了解了LightGCN模型后,是不是迫不及待想要train一个试试了呢~

别急!

下面我们来看看训练和测试数据是怎么构造的:
首先,LightGCNDataloader会继承一个BasicDataset类,里面初始化了所有要使用到的方法。

class BasicDataset(Dataset):
    def __init__(self):
        print("init dataset")
    @property
    def n_users(self):
        raise NotImplementedError

    @property
    def m_items(self):
        raise NotImplementedError

    @property
    def trainDataSize(self):
        raise NotImplementedError

    @property
    def testDict(self):
        raise NotImplementedError

    @property
    def allPos(self):
        raise NotImplementedError

    def getUserItemFeedback(self, users, items):
        raise NotImplementedError

    def getUserPosItems(self, users):
        raise NotImplementedError

    def getUserNegItems(self, users):
        """
        not necessary for large dataset
        it's stupid to return all neg items in super large dataset
        """
        raise NotImplementedError

    def getSparseGraph(self):
        """
        build a graph in torch.sparse.IntTensor.
        Details in NGCF's matrix form
        A = 
            |I,   R|
            |R^T, I|
        """
        raise NotImplementedError

下面来看看正式的DataLoader定义

class Loader(BasicDataset):
    """
    Dataset type for pytorch \n
    Incldue graph information
    gowalla dataset
    """
    def __init__(self,config = world.config,path="../data/gowalla"):
        # 基本参数的初始化
        cprint(f'loading [{path}]')
        self.split = config['A_split']
        self.folds = config['A_n_fold']
        self.mode_dict = {'train': 0, "test": 1}
        self.mode = self.mode_dict['train']
        self.n_user = 0
        self.m_item = 0
        train_file = path + '/train.txt'
        test_file = path + '/test.txt'
        self.path = path
        trainUniqueUsers, trainItem, trainUser = [], [], []
        testUniqueUsers, testItem, testUser = [], [], []
        self.traindataSize = 0
        self.testDataSize = 0
		
        # 读取数据
        # .txt格式:userID itemID1 itemID2 ... itemIDn
        with open(train_file) as f:
            for l in f.readlines():
                if len(l) > 0:
                    l = l.strip('\n').split(' ')
                    items = [int(i) for i in l[1:]]
                    uid = int(l[0])
                    trainUniqueUsers.append(uid)
                    trainUser.extend([uid] * len(items))
                    trainItem.extend(items)
                    self.m_item = max(self.m_item, max(items))
                    self.n_user = max(self.n_user, uid)
                    self.traindataSize += len(items)
        self.trainUniqueUsers = np.array(trainUniqueUsers)
        self.trainUser = np.array(trainUser)
        self.trainItem = np.array(trainItem)

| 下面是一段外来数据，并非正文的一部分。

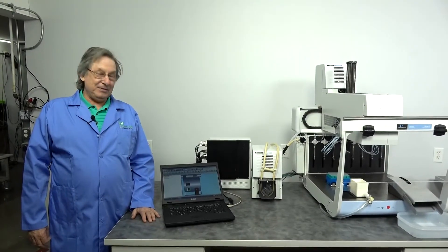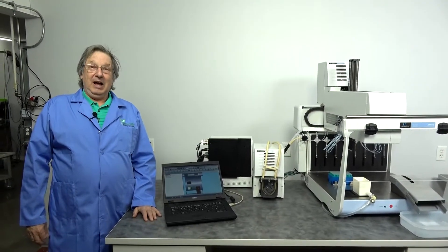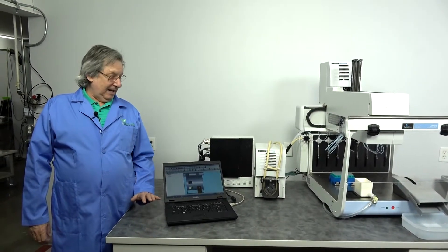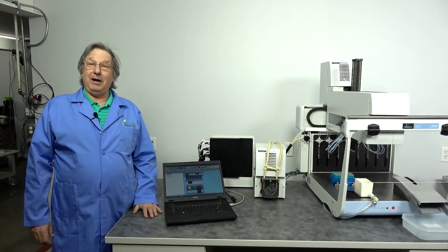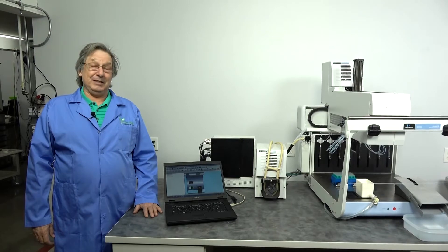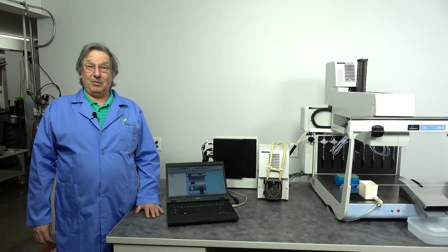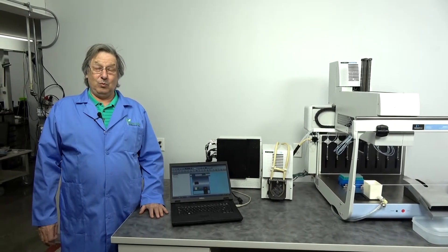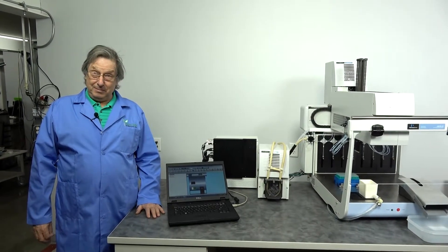Hello, welcome to New Life Scientific. Today we're going to be talking about the Janus Liquid Handling System.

        with open(test_file) as f:
            for l in f.readlines():
                if len(l) > 0:
                    l = l.strip('\n').split(' ')
                    items = [int(i) for i in l[1:]]
                    uid = int(l[0])
                    testUniqueUsers.append(uid)
                    testUser.extend([uid] * len(items))
                    testItem.extend(items)
                    self.m_item = max(self.m_item, max(items))
                    self.n_user = max(self.n_user, uid)
                    self.testDataSize += len(items)
        self.m_item += 1
        self.n_user += 1
        self.testUniqueUsers = np.array(testUniqueUsers)
        self.testUser = np.array(testUser)
        self.testItem = np.array(testItem)
		
        self.Graph = None
        print(f"{self.trainDataSize} interactions for training")
        print(f"{self.testDataSize} interactions for testing")
        print(f"{world.dataset} Sparsity : {(self.trainDataSize + self.testDataSize) / self.n_users / self.m_items}")

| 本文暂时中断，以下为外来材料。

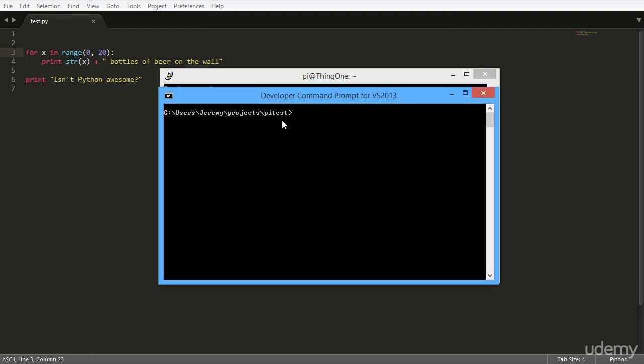Now I'll explain this command here really quick before we press Enter. It's SCP, which is a command, and then test.py, which is the file on our local hard drive that we want to push over. And we want to push it to this IP address with the PI user, and then the colon /home/pi. That's where we want it to land on the Raspberry Pi.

        # 构建(users,items)二分图
        self.UserItemNet = csr_matrix((np.ones(len(self.trainUser)), (self.trainUser, self.trainItem)),
                                      shape=(self.n_user, self.m_item))
        self.users_D = np.array(self.UserItemNet.sum(axis=1)).squeeze()
        self.users_D[self.users_D == 0.] = 1
        self.items_D = np.array(self.UserItemNet.sum(axis=0)).squeeze()
        self.items_D[self.items_D == 0.] = 1.
        # pre-calculate
        # 获得各用户购买过物品的index,即正样本
        self._allPos = self.getUserPosItems(list(range(self.n_user)))
        self.__testDict = self.__build_test()
        print(f"{world.dataset} is ready to go")

    @property
    def n_users(self):
        return self.n_user

    @property
    def m_items(self):
        return self.m_item

    @property
    def trainDataSize(self):
        return self.traindataSize

    @property
    def testDict(self):
        return self.__testDict

    @property
    def allPos(self):
        return self._allPos

    def _split_A_hat(self,A):
        A_fold = []
        fold_len = (self.n_users + self.m_items) // self.folds
        for i_fold in range(self.folds):
            start = i_fold*fold_len
            if i_fold == self.folds - 1:
                end = self.n_users + self.m_items
            else:
                end = (i_fold + 1) * fold_len
            A_fold.append(self._convert_sp_mat_to_sp_tensor(A[start:end]).coalesce().to(world.device))
        return A_fold

    def _convert_sp_mat_to_sp_tensor(self, X):
        coo = X.tocoo().astype(np.float32)
        row = torch.Tensor(coo.row).long()
        col = torch.Tensor(coo.col).long()
        index = torch.stack([row, col])
        data = torch.FloatTensor(coo.data)
        return torch.sparse.FloatTensor(index, data, torch.Size(coo.shape))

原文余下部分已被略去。